--- Task ---
What is needed is an exact copy of every entry below, minus the images.

--- Records supplied ---
◇ ◇ ◇ ◇

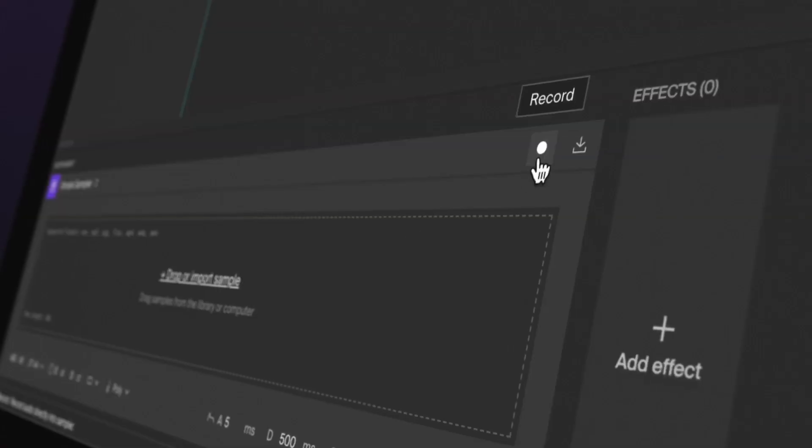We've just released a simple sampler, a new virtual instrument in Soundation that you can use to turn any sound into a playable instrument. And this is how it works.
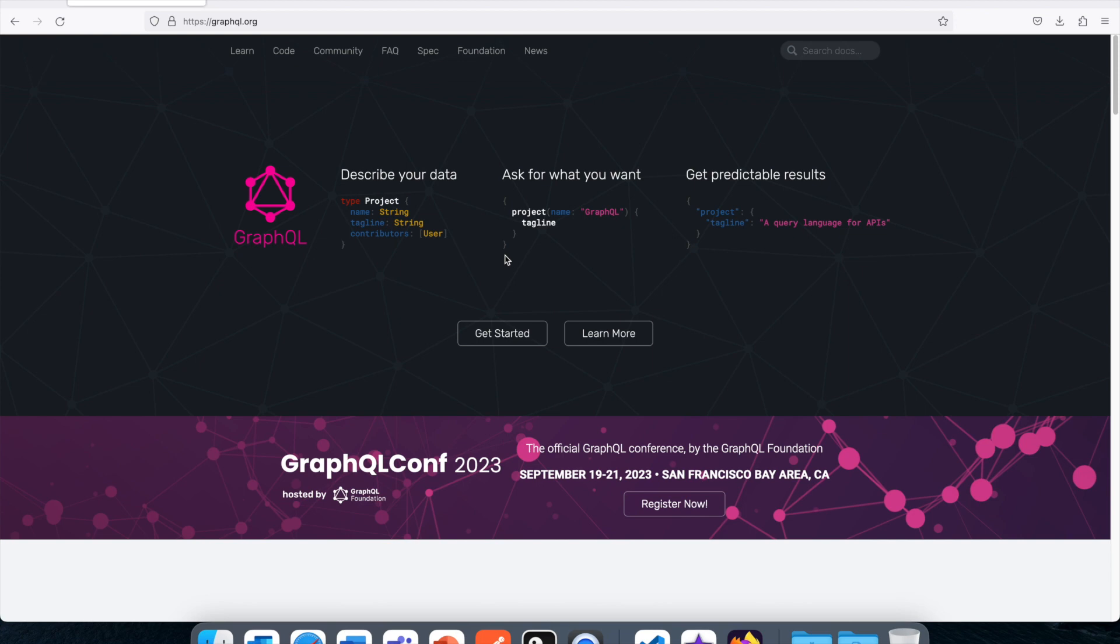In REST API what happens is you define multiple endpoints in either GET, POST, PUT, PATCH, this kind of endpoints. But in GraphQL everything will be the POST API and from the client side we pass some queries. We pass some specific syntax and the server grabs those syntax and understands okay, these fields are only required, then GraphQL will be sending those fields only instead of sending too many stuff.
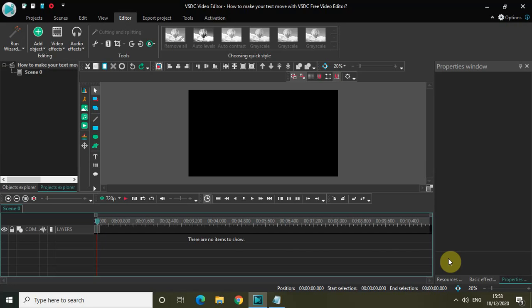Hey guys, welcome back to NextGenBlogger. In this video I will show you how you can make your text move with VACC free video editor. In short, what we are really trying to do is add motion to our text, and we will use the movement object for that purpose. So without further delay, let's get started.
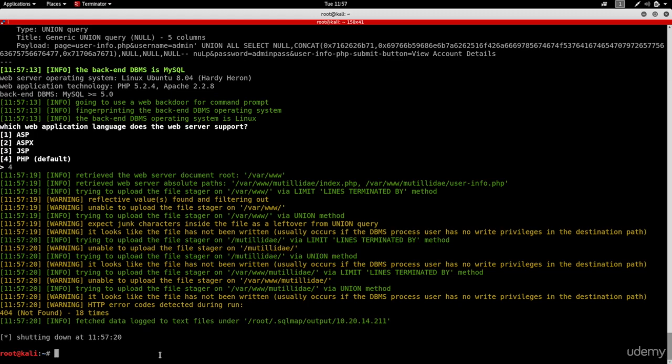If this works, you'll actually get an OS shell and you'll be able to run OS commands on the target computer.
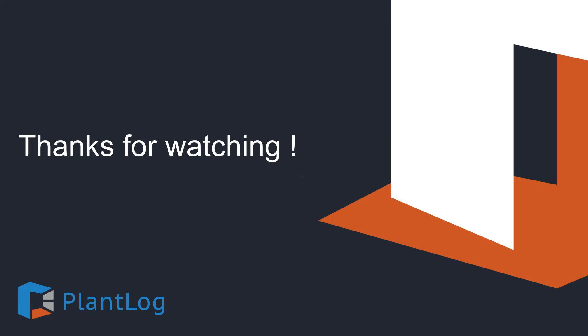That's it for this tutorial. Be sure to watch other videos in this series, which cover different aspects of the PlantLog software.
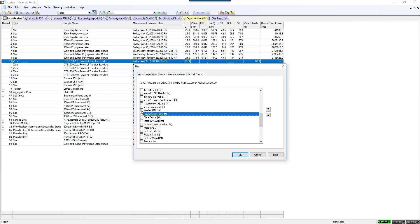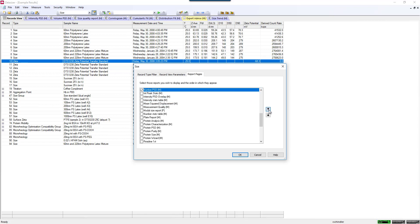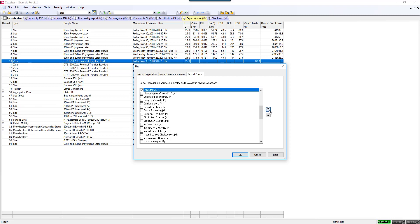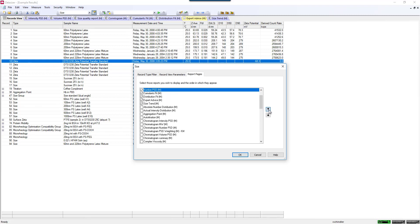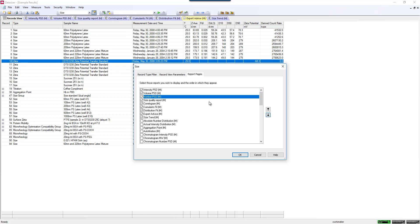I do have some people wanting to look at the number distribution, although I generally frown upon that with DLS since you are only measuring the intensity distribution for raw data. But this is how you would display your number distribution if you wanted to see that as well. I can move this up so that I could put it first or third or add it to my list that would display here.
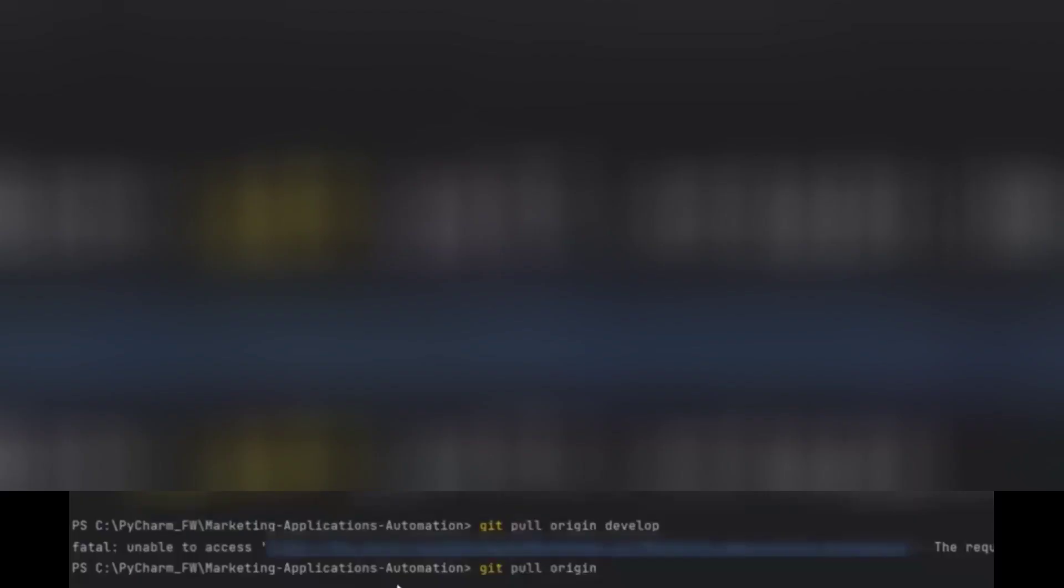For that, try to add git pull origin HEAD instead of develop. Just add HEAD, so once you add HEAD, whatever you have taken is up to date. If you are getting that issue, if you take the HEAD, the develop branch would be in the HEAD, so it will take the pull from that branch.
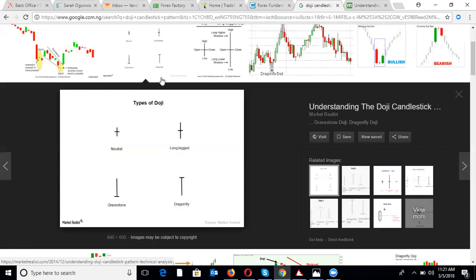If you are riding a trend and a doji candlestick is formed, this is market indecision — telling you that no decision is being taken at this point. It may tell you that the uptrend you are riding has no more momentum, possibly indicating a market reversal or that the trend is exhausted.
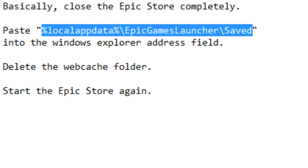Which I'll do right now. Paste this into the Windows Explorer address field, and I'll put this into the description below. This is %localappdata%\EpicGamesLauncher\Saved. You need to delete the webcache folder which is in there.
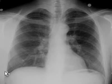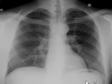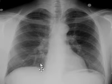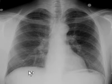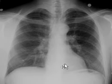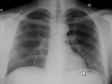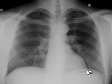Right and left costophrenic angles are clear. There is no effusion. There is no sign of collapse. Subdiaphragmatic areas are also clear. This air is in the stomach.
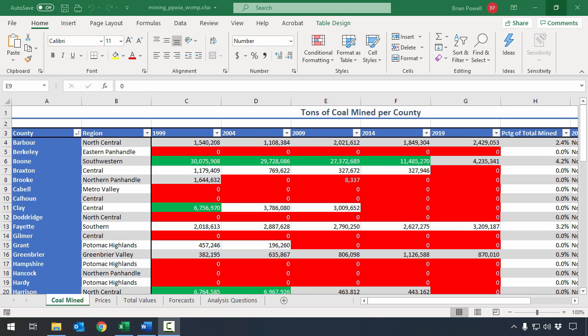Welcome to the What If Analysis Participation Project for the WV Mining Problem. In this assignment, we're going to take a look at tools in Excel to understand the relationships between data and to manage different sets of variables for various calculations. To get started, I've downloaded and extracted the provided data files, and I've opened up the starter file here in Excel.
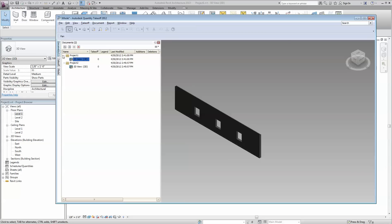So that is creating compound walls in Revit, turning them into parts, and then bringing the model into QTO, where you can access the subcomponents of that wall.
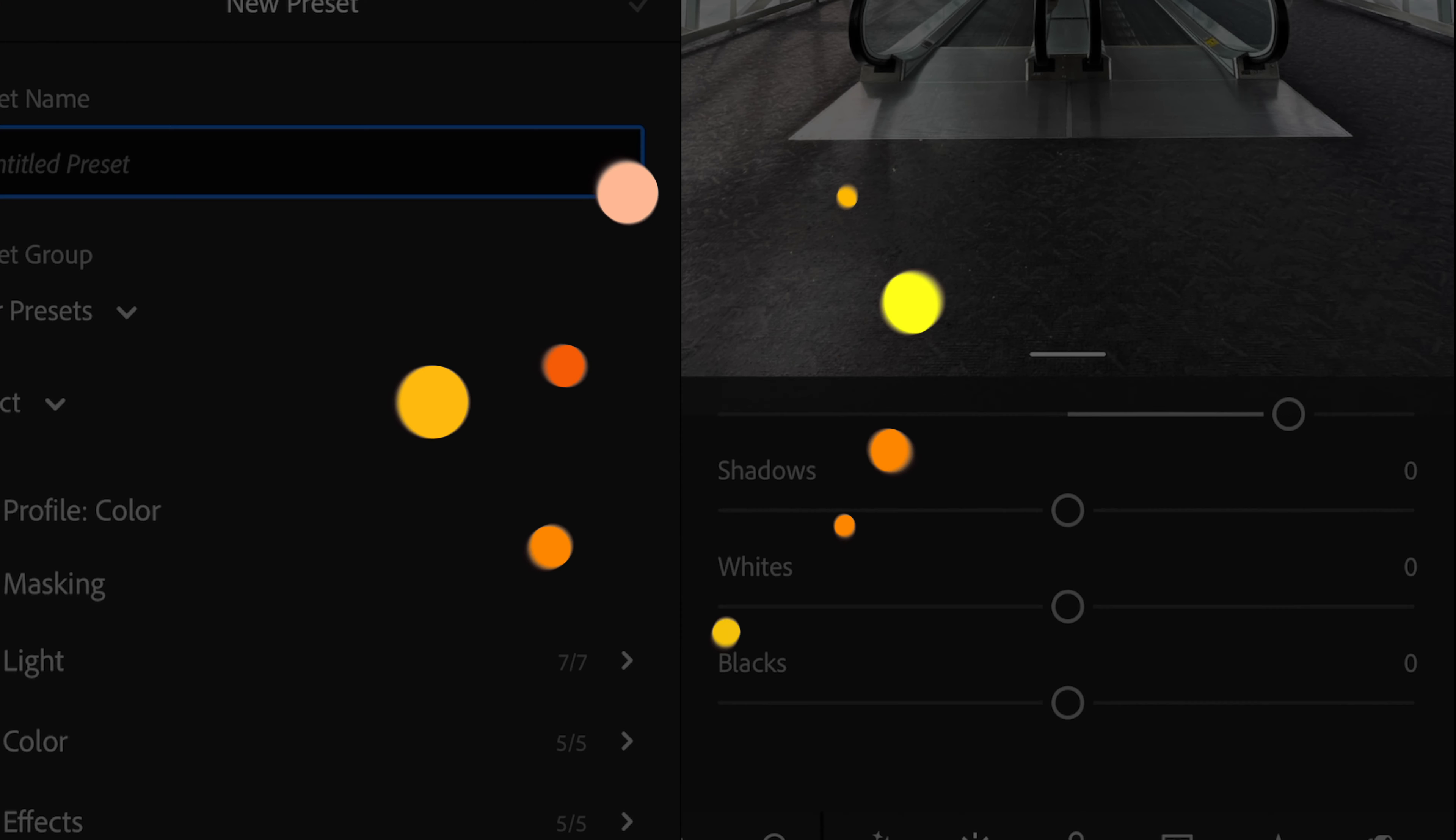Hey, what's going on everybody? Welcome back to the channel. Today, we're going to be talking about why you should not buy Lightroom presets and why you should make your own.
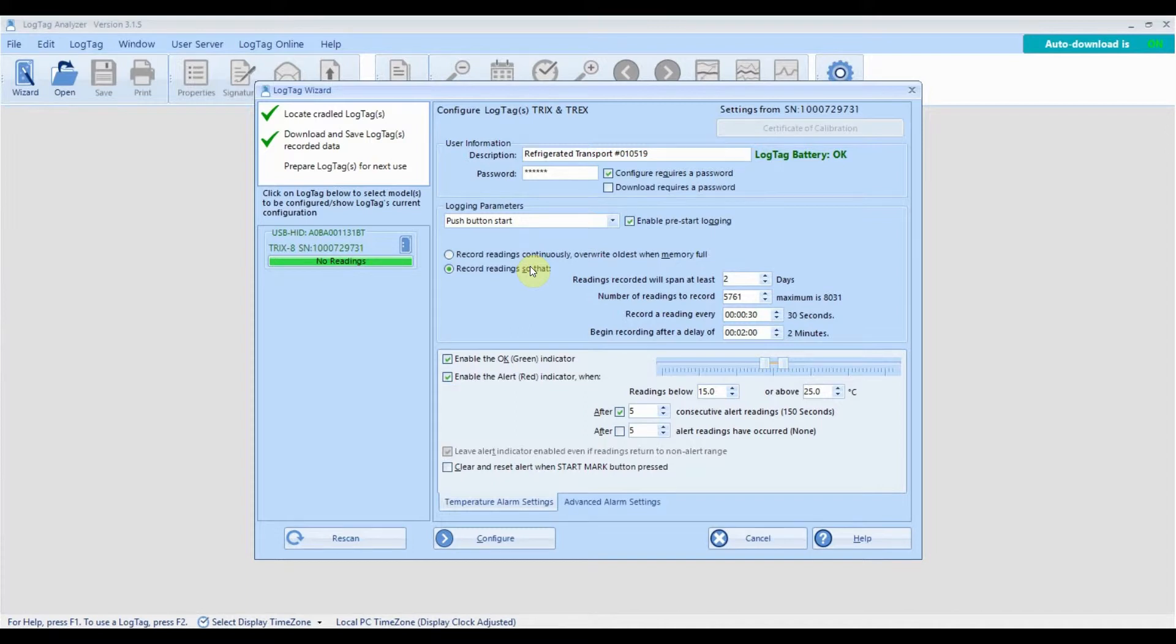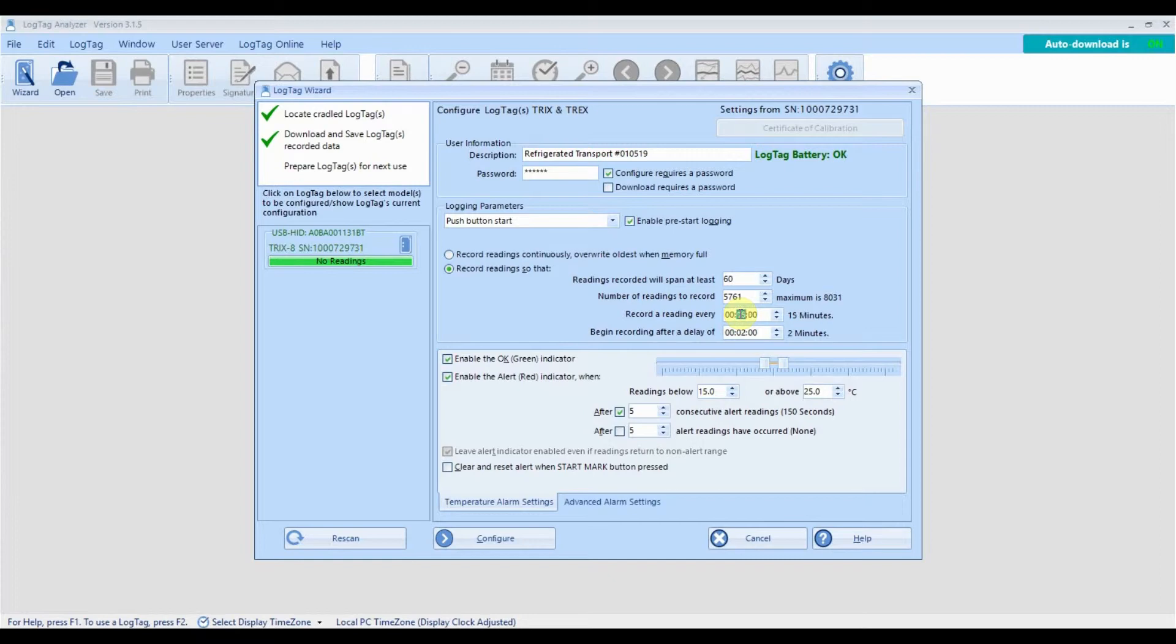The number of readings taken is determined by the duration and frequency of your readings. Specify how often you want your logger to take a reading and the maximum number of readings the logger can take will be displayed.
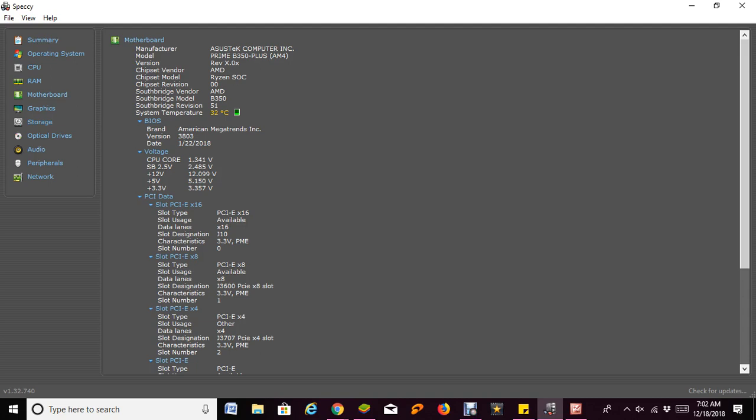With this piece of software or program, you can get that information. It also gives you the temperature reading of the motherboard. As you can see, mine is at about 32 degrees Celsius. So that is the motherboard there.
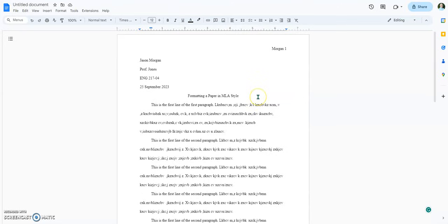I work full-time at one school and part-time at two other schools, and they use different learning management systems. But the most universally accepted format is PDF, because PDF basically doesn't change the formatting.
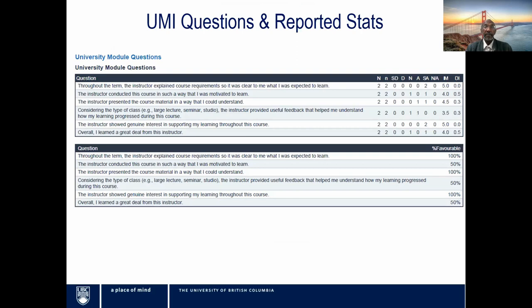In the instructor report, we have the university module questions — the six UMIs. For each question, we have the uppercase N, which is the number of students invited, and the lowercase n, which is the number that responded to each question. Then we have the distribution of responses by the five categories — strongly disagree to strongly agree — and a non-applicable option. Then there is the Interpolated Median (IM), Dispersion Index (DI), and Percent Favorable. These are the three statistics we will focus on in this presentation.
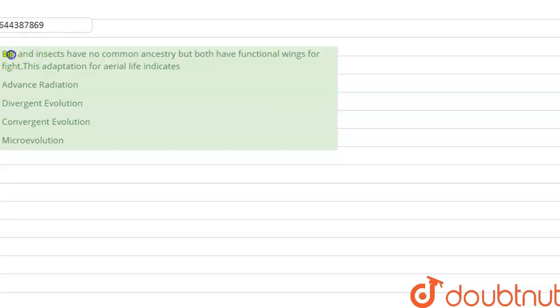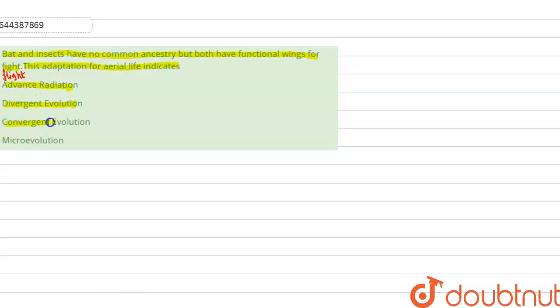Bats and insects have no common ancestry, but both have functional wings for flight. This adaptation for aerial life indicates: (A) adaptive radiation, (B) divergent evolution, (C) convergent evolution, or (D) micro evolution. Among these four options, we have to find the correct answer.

◇ ◇ ◇ ◇

--- Written solution ---
We've just released a simple sampler, a new virtual instrument in Soundation that you can use to turn any sound into a playable instrument. And this is how it works.
In REST API what happens is you define multiple endpoints in either GET, POST, PUT, PATCH, this kind of endpoints. But in GraphQL everything will be the POST API and from the client side we pass some queries. We pass some specific syntax and the server grabs those syntax and understands okay, these fields are only required, then GraphQL will be sending those fields only instead of sending too many stuff.
Hey guys, welcome back to NextGenBlogger. In this video I will show you how you can make your text move with VACC free video editor. In short, what we are really trying to do is add motion to our text, and we will use the movement object for that purpose. So without further delay, let's get started.
If this works, you'll actually get an OS shell and you'll be able to run OS commands on the target computer.
That's it for this tutorial. Be sure to watch other videos in this series, which cover different aspects of the PlantLog software.
I do have some people wanting to look at the number distribution, although I generally frown upon that with DLS since you are only measuring the intensity distribution for raw data. But this is how you would display your number distribution if you wanted to see that as well. I can move this up so that I could put it first or third or add it to my list that would display here.
For that, try to add git pull origin HEAD instead of develop. Just add HEAD, so once you add HEAD, whatever you have taken is up to date. If you are getting that issue, if you take the HEAD, the develop branch would be in the HEAD, so it will take the pull from that branch.
If you are riding a trend and a doji candlestick is formed, this is market indecision — telling you that no decision is being taken at this point. It may tell you that the uptrend you are riding has no more momentum, possibly indicating a market reversal or that the trend is exhausted.
Which I'll do right now. Paste this into the Windows Explorer address field, and I'll put this into the description below. This is %localappdata%\EpicGamesLauncher\Saved. You need to delete the webcache folder which is in there.
Right and left costophrenic angles are clear. There is no effusion. There is no sign of collapse. Subdiaphragmatic areas are also clear. This air is in the stomach.
Welcome to the What If Analysis Participation Project for the WV Mining Problem. In this assignment, we're going to take a look at tools in Excel to understand the relationships between data and to manage different sets of variables for various calculations. To get started, I've downloaded and extracted the provided data files, and I've opened up the starter file here in Excel.
So that is creating compound walls in Revit, turning them into parts, and then bringing the model into QTO, where you can access the subcomponents of that wall.
Hey, what's going on everybody? Welcome back to the channel. Today, we're going to be talking about why you should not buy Lightroom presets and why you should make your own.
The number of readings taken is determined by the duration and frequency of your readings. Specify how often you want your logger to take a reading and the maximum number of readings the logger can take will be displayed.
With this piece of software or program, you can get that information. It also gives you the temperature reading of the motherboard. As you can see, mine is at about 32 degrees Celsius. So that is the motherboard there.
I work full-time at one school and part-time at two other schools, and they use different learning management systems. But the most universally accepted format is PDF, because PDF basically doesn't change the formatting.
In the instructor report, we have the university module questions — the six UMIs. For each question, we have the uppercase N, which is the number of students invited, and the lowercase n, which is the number that responded to each question. Then we have the distribution of responses by the five categories — strongly disagree to strongly agree — and a non-applicable option. Then there is the Interpolated Median (IM), Dispersion Index (DI), and Percent Favorable. These are the three statistics we will focus on in this presentation.
Bats and insects have no common ancestry, but both have functional wings for flight. This adaptation for aerial life indicates: (A) adaptive radiation, (B) divergent evolution, (C) convergent evolution, or (D) micro evolution. Among these four options, we have to find the correct answer.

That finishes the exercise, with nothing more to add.